Since 1973, Ed has tirelessly served the North Georgia Annual Conference as a pastor, district superintendent, and executive assistant to the bishop while at times simultaneously serving as a cabinet member, delegate, and chair, vice chair, president, director and member of numerous conference-related boards and agencies.
“As a Loan Committee member, Ed provides invaluable insight in helping us meet the financing needs of United Methodist churches,” said retired Foundation President/CEO Rev. Charles (Chuck) W. Savage II. “Countless churches and ministries have been blessed by Ed’s business acumen, strong management skills, and servant’s heart.”
In June 2013, Ed was appointed as a retired pastor serving Lanier UMC. “I came in knowing the interest rate on their loan was significantly higher than what the Foundation could offer.

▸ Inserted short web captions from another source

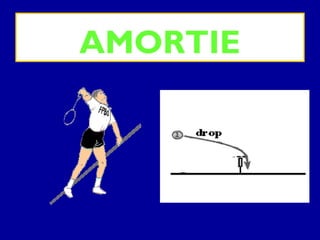AMORTIE
 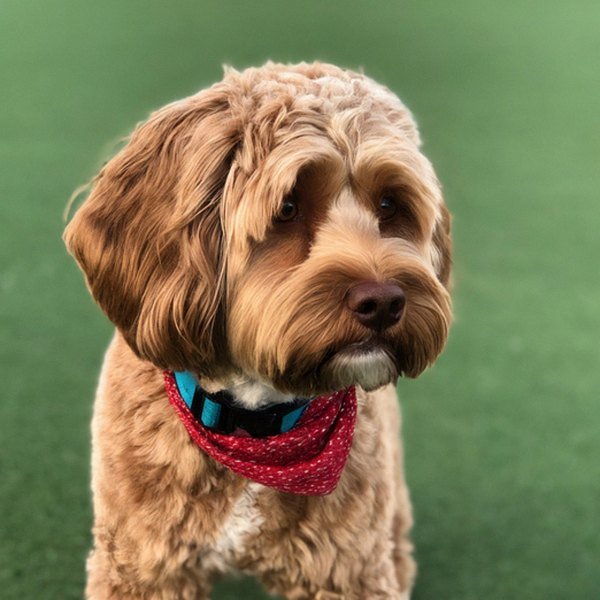 cavapoo in Mesa, Arizona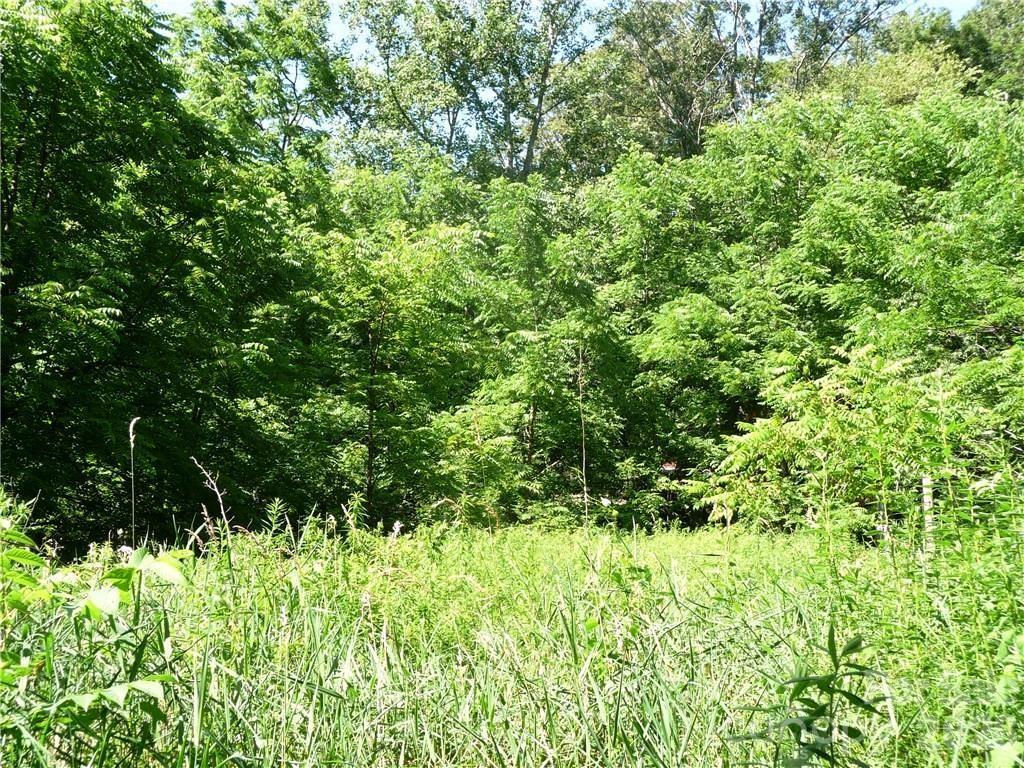 3771 Highway 421 Vilas, NC 28692 - Photo 5 of 18 a view of a garden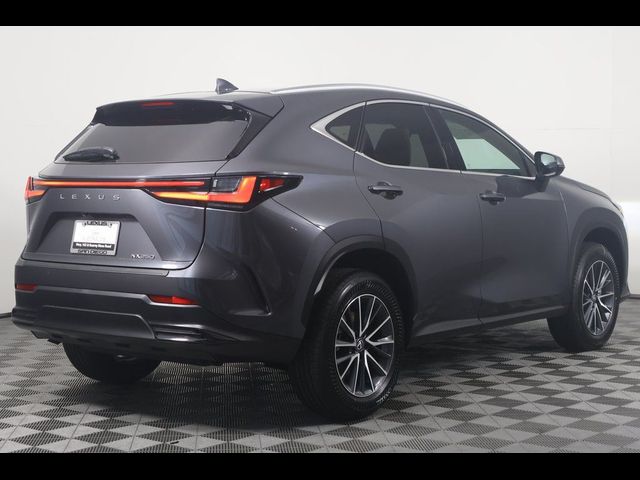 2025 Lexus NX 250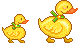 duck pictures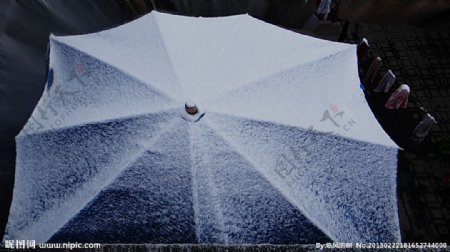 伞棚上的雪图片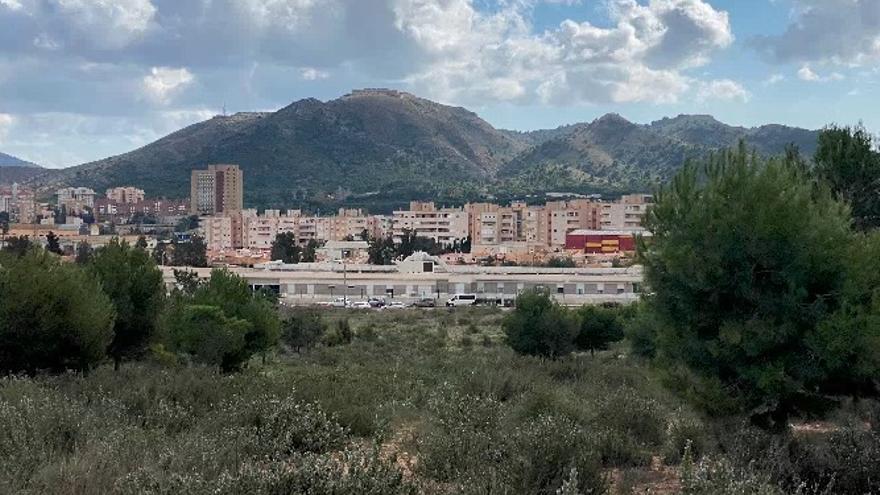 Piden ayuda para mantener cuatro hectáreas de bosque reforestado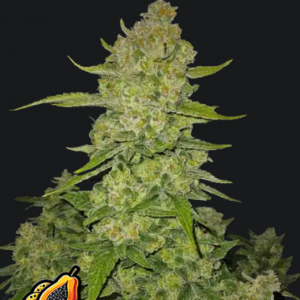 Papaya Cookies Auto.png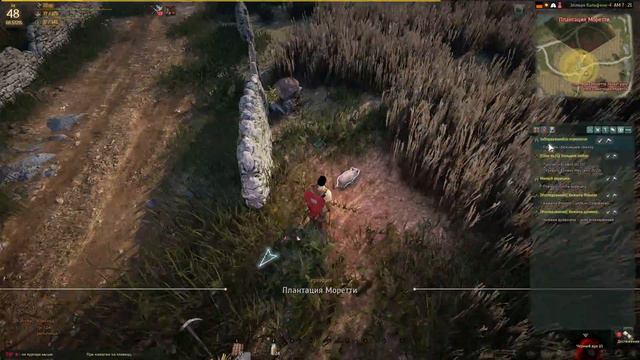Black Desert заблудившийся поросенок смотреть онлайн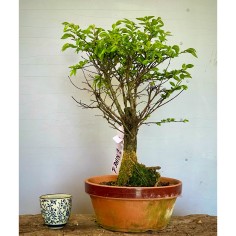 Olmo Nire Keyaki UN1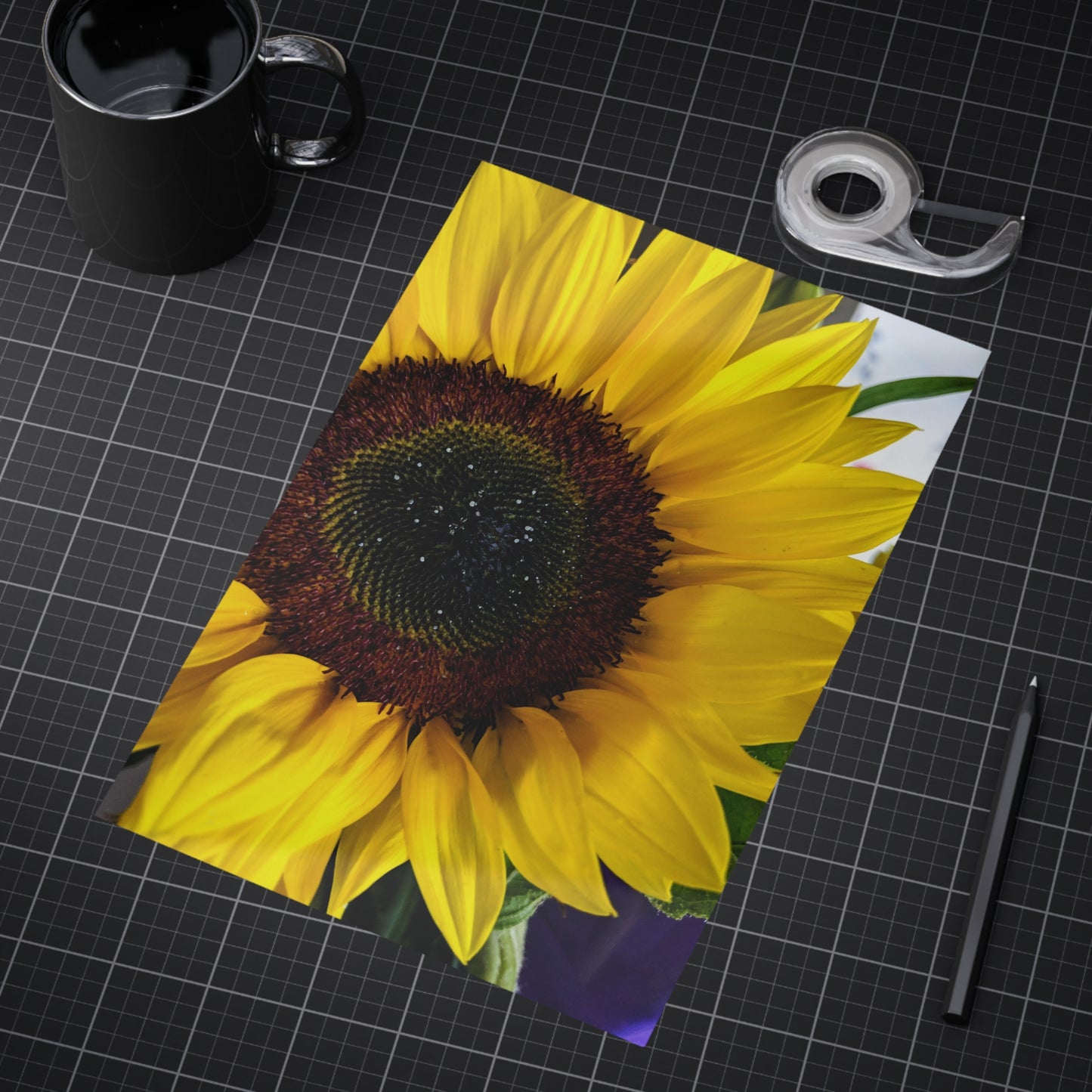 Sunflower - Photo Print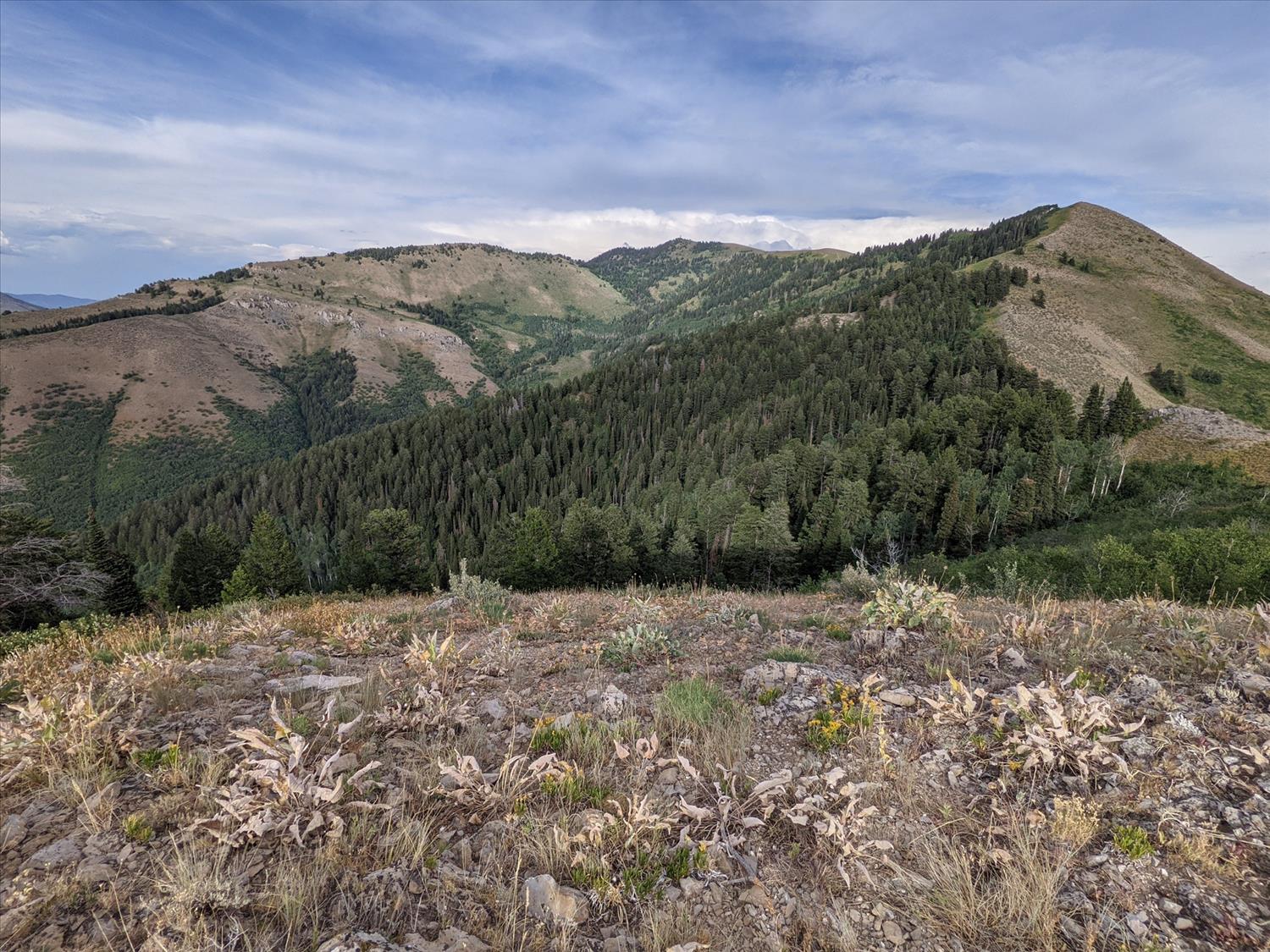 Logan Peak Trail Run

There was also a prepayment penalty clause in the contract, which made finances even harder,” he said. “We have a good group of people here. They were just overextended. They had not been able to pay apportionments recently and had done very little debt reduction in the last 10 years.”
Ed waited until Lanier UMC was able to pay 100 percent of its 2013 apportionments before approaching the Foundation about a loan.
"The Foundation provides better funding and saves us money because other churches have invested their money through the Foundation,” he said. “I felt very strongly that we shouldn’t get the benefits of the investments of other churches if we are not doing our share in paying apportionments!”
As a retired pastor, Ed receives a lower salary and requires no benefits payments. This cost savings, coupled with a loan that improves cash flow by several thousand dollars each year, has proven to be a winning combination.
“Suddenly we’re not only able to meet all the bills and pay our apportionments, but we’re also on track to get rid of this long term-indebtedness. Refinancing has improved morale and enabled us to do additional ministry,” Ed said. “I’m grateful for the Foundation. They do an excellent job of assessing a church’s financial condition. A lower loan rate enables opportunities to do ministry in a way that just paying for bricks-and-mortar will not allow you to do. If there’s no money to do outreach, evangelism, community involvement, or mission work, a church has missed a significant part of its purpose!”